§ DATA EXTRACT:

____________________

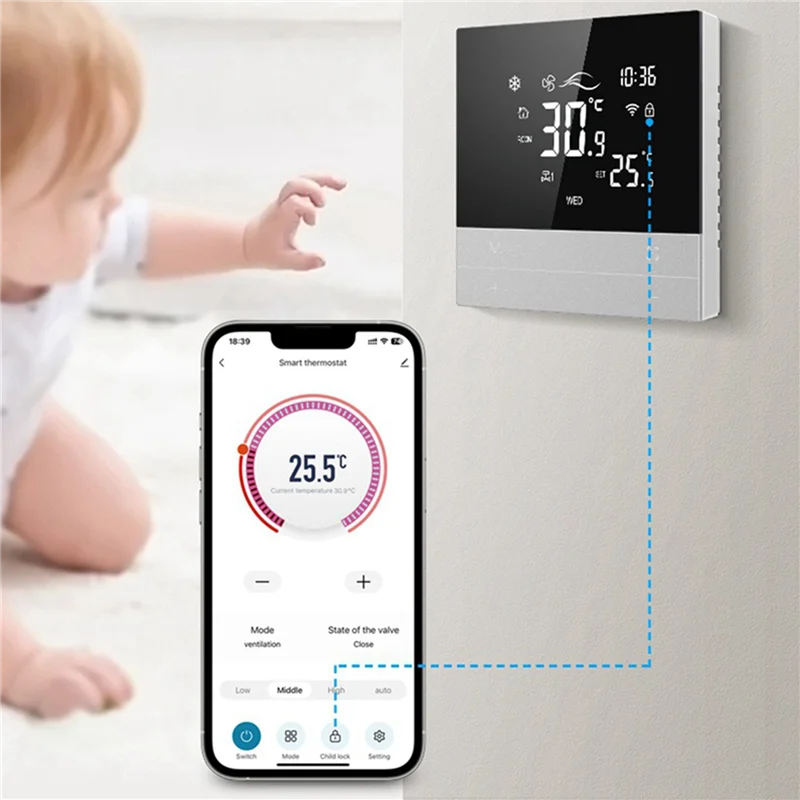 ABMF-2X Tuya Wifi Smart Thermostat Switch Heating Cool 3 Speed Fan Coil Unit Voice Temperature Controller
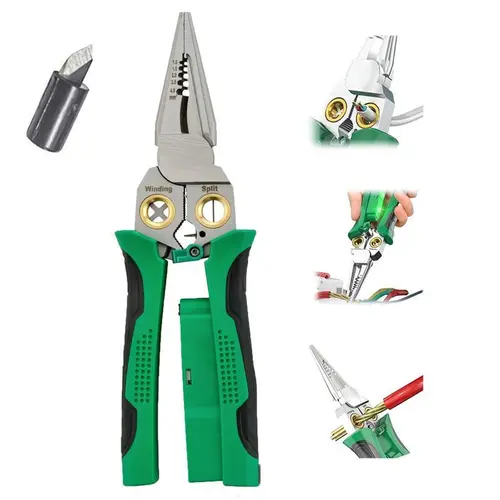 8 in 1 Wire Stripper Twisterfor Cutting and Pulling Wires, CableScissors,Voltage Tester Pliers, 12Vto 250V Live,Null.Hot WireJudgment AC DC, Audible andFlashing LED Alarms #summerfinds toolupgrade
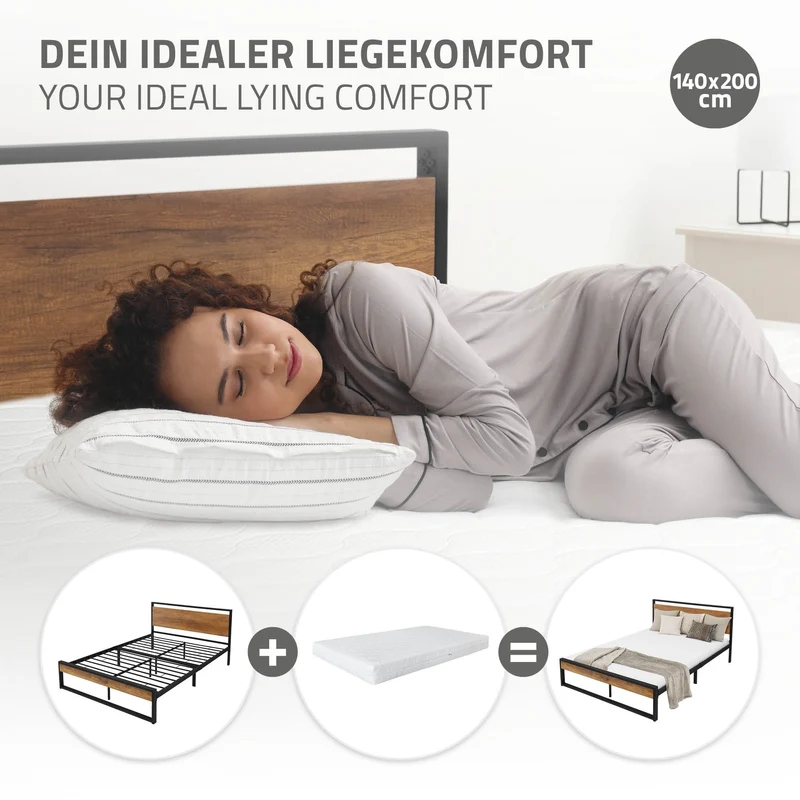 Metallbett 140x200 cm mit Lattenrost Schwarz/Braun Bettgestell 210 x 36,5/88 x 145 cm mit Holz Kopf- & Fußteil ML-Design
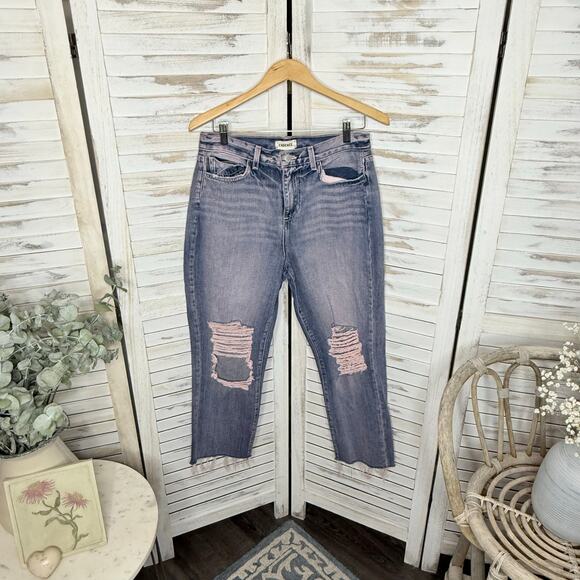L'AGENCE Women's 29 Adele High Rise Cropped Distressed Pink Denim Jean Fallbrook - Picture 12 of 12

____________________

The result should be a word-for-word restatement of all the data, without images.

§ RESPONSE:
 ABMF-2X Tuya Wifi Smart Thermostat Switch Heating Cool 3 Speed Fan Coil Unit Voice Temperature Controller
 8 in 1 Wire Stripper Twisterfor Cutting and Pulling Wires, CableScissors,Voltage Tester Pliers, 12Vto 250V Live,Null.Hot WireJudgment AC DC, Audible andFlashing LED Alarms #summerfinds toolupgrade
 Metallbett 140x200 cm mit Lattenrost Schwarz/Braun Bettgestell 210 x 36,5/88 x 145 cm mit Holz Kopf- & Fußteil ML-Design
L'AGENCE Women's 29 Adele High Rise Cropped Distressed Pink Denim Jean Fallbrook - Picture 12 of 12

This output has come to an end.